B. B. Conclusions du comité
B. B. Conclusions du comité
- 480. De manière générale, le comité croit devoir rappeler que la liberté de réunion syndicale constitue l'un des éléments fondamentaux des droits syndicaux. Les autorités devraient s'abstenir de toute intervention de nature à limiter ce droit ou à en entraver l'exercice légal. Le comité estime que l'arrestation de dirigeants syndicaux qui aurait pour but d'empêcher le déroulement d'une réunion syndicale constituerait une sérieuse atteinte à l'exercice des droits syndicaux. Le comité considère également qu'au cours de leur détention les syndicalistes, comme toute autre personne, devraient bénéficier des garanties prévues dans la Déclaration universelle des droits de l'homme. Le comité a en outre considéré que l'arrestation par les autorités de syndicalistes contre lesquels, finalement, aucun chef d'inculpation n'est relevé peut entraîner des restrictions de la liberté syndicale.

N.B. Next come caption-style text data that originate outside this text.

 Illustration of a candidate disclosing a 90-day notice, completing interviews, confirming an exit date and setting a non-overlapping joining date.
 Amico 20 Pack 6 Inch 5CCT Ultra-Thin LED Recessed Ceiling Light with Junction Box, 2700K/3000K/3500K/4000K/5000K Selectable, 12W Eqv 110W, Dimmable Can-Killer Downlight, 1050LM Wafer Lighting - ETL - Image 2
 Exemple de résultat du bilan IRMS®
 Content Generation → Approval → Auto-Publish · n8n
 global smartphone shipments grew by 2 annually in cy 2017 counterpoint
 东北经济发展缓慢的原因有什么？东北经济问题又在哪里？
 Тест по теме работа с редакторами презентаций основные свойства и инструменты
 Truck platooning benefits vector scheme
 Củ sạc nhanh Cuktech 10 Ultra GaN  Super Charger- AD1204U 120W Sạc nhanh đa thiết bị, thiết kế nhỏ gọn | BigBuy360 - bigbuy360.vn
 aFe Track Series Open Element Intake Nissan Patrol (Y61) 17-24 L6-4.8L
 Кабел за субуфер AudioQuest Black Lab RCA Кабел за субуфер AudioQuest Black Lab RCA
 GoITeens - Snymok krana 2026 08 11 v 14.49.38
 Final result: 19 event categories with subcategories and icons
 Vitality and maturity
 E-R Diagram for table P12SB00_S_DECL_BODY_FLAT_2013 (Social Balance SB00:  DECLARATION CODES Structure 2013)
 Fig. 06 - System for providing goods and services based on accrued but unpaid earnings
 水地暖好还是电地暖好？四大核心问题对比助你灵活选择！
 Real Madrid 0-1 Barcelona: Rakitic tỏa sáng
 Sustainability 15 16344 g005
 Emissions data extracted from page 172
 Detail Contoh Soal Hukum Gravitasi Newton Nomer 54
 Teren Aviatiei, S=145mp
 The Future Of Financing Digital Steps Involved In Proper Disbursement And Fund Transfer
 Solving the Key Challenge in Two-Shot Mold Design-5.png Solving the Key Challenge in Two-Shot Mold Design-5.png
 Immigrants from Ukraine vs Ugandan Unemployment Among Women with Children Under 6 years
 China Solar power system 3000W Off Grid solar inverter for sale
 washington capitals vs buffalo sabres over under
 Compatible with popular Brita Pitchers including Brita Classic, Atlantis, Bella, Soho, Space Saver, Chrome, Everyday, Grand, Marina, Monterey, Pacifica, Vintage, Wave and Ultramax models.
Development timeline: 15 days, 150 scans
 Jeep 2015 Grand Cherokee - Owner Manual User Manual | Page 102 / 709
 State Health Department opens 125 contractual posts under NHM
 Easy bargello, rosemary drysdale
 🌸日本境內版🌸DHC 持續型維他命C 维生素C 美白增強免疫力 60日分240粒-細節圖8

- 481. Dans le cas présent, le comité constate que le gouvernement se borne à indiquer que les deux organisations auxquelles appartenaient les dirigeants arrêtés ne sont pas inscrites dans les registres du ministère du Travail et que la Centrale des travailleurs du Nicaragua participe à un mouvement politique d'opposition. Le gouvernement précise toutefois que deux des dirigeants en cause auraient signé, au nom de la CTN, le programme de ce mouvement politique. Le comité estime utile de rappeler à cet égard que, si, dans certains cas, il a conclu que la plainte ne méritait pas un examen plus approfondi, c'est après avoir pris connaissance d'observations du gouvernement établissant de manière suffisamment précise et circonstanciée que la mesure d'arrestation ne se fondait pas sur des activités syndicales, mais seulement sur des actes qui dépassaient ce cadre et se révélaient préjudiciables à l'ordre public ou de nature politique. En l'espèce, le gouvernement ne donne aucune précision quant aux motifs qui auraient pu justifier les mesures d'arrestation, pas plus qu'à propos des allégations concernant les mauvais traitements qui auraient été infligés aux personnes détenues.
Recommandation du comité
Recommandation du comité
- 482. Dans ces conditions, le comité recommande au Conseil d'administration:
- a) d'attirer l'attention sur les principes et considérations exposés aux paragraphes 480 et 481 ci-dessus;
- b) de prier le gouvernement d'apporter des précisions quant aux motifs qui auraient pu justifier les mesures d'arrestation prises à l'encontre des personnes en cause;
- c) de prier le gouvernement de présenter ses observations au sujet des allégations concernant les mauvais traitements qui auraient été infligés aux personnes détenues;
- d) de transmettre la substance de la réponse du gouvernement aux organisations plaignantes afin que ces dernières présentent leurs commentaires au sujet de cette réponse et, notamment, apportent des précisions quant à la situation de la Centrale des travailleurs du Nicaragua et de l'Union des travailleurs agricoles qui, selon le gouvernement, ne sont pas enregistrées au ministère du Travail;
- e) de prendre note du présent rapport intérimaire, étant entendu que le comité présentera un nouveau rapport une fois qu'il aura reçu les informations sollicitées du gouvernement.
- Genève, 12 novembre 1976. (Signé) Roberto AGO, Président.